Mérida de un año a otro

Miles de personas moviéndose en una compulsión consumista. Pareciera que el tiempo estuviera próximo a cortar cuellos y el dinero quemara las manos. Es el vértigo de la gastadera de dinero y energías. El consumo real de lo efímero gana la batalla.

Deambular por el centro histórico de Mérida, con un propósito o sin tenerlo, es también una forma de consumo, sólo que de carácter simbólico. Un modo de estar presentes en la intersección de múltiples tradiciones representadas por las diversas acciones de quienes hacen uso del mismo.

Cada vez son menos los que tienen una comunicación relajada en los espacios públicos y privados que conforman el centro. A la proximidad física, no corresponde necesariamente una proximidad social y es más probable una distancia que implica mucho de despersonalización. La intensificación de las acciones y la densa circulación de gente traen consigo una idea de desorden en las relaciones sociales cotidianas.

A ello contribuye la apropiación voluntaria de las calles para actividades que alteran el principal uso preestablecido de las mismas que es el de transitar. Labores de carga y descarga, reparto de volantes, ventas ambulantes, ofrecimiento de servicios de lo más diverso, satisfacción de necesidades fisiológicas, la mendicidad.

Cada vez el crecimiento constante, las andanzas de quienes miran casi hipnotizados el teléfono celular, provocan entrampamientos peatonales o encontronazos de cuerpos y pisotones. Ultimamente, hombres y mujeres que toman cerveza en latas ignoran con tranquilidad el paso de las patrullas al fingir que beben refrescos.

Agreguemos a los agentes de tránsito apostados en los cruces más congestionados, sin respeto para el peatón y siempre con preferencia a dar prioridad a los vehículos. Numerosas personas quedan varadas en las esquinas contra su voluntad mirando durante excesivos minutos los cambios del semáforo, sin que puedan cruzar la calle.
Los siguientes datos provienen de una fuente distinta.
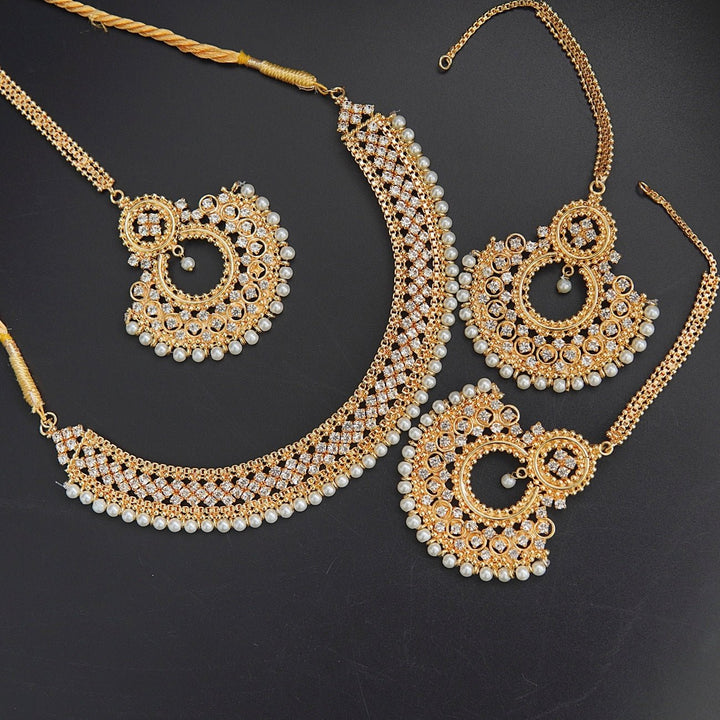 Partywear Chand Bali Necklace Set - RS ZEVARS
Muchos policías provienen de zonas de la ciudad o del Estado donde hay muy poco tránsito, por lo que el hecho de encomendarles la función de “semáforos ambulantes” constituye un riesgo debido a su deficiente coordinación y su escaso criterio.

De todo esto deriva la sorpresa de meridanos de diversas edades cuando descubren algo que ha estado siempre ahí a nuestro paso, en nuestras narices, pero que por las tantas barreras callejeras se nos ha impedido notar.

Se vive la apuesta por el goce fugaz de un momento en vez del consumo simbólico permanente de un centro histórico que tiene mucho que ofrecer. La falta de fomentar el interés por el entorno urbano parece tener el propósito de mantener las distancias sociales. La ausencia de apego a la ciudad y a sus símbolos permite de modo indirecto que se vayan destruyendo importantes edificios, que amplias zonas vayan quedando abandonadas, que se ignoren los valiosos cambios históricos de esta ciudad donde vivimos.